• [Brief descriptive captions]
════

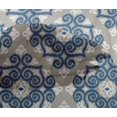 thumbnail image 4 of oneOone Viscose Chiffon Fabric Swirl Ikat Printed Craft Fabric BTY 42 Inch Wide, 4 of 4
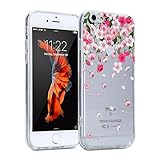 iPhone 6 Case, GMYLE iPhone 6 /6s Case Hybrid [Anti Shock] TPU Bumper +[Scratch Resistant] Flower Floral Back Cover Clear with Design Protective Case for iPhone 6s / 6- Cherry Blossom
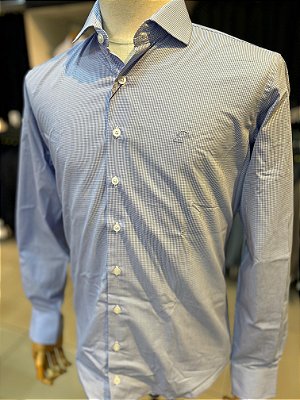 Camisa Xadrez Vichy Azul
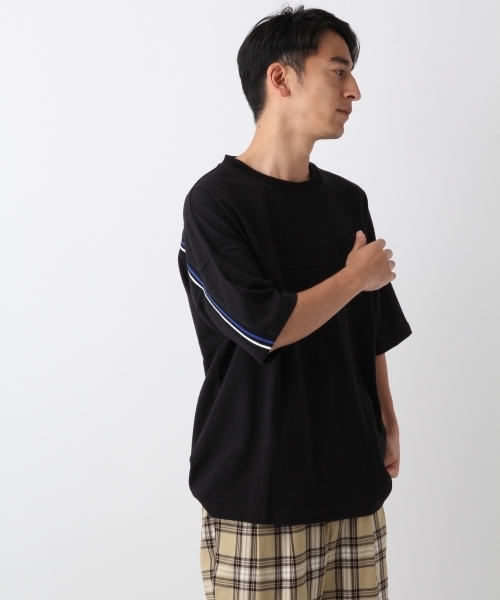 RAGEBLUE（レイジブルー）の「バックラインTシャツ/801899（Tシャツ/カットソー・メンズ・ホワイト/ブラック/グレー・SMALL/MEDIUM/LARGE）」の7枚目の写真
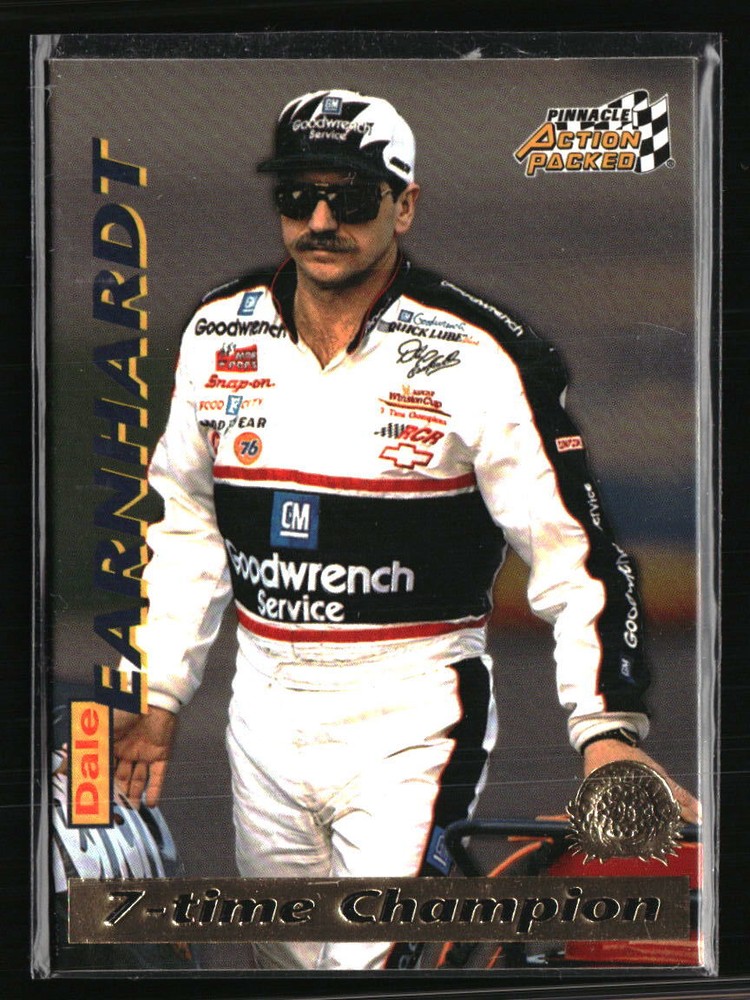 Dale Earnhardt 1996 Pinnacle Action Packed #6 Racing Card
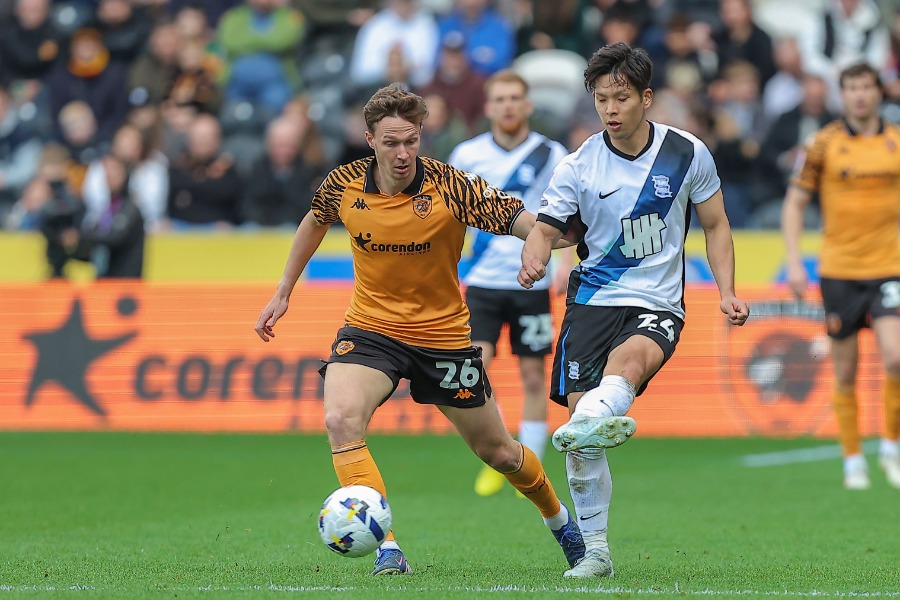 バーミンガム・シティの岩田智輝【写真：REX/アフロ】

════

• [WORK ORDER]
For this exercise, output the records exactly but omit their pictures.

• [ANSWER BELOW]
 thumbnail image 4 of oneOone Viscose Chiffon Fabric Swirl Ikat Printed Craft Fabric BTY 42 Inch Wide, 4 of 4
 iPhone 6 Case, GMYLE iPhone 6 /6s Case Hybrid [Anti Shock] TPU Bumper +[Scratch Resistant] Flower Floral Back Cover Clear with Design Protective Case for iPhone 6s / 6- Cherry Blossom
 Camisa Xadrez Vichy Azul
 RAGEBLUE（レイジブルー）の「バックラインTシャツ/801899（Tシャツ/カットソー・メンズ・ホワイト/ブラック/グレー・SMALL/MEDIUM/LARGE）」の7枚目の写真
 Dale Earnhardt 1996 Pinnacle Action Packed #6 Racing Card
 バーミンガム・シティの岩田智輝【写真：REX/アフロ】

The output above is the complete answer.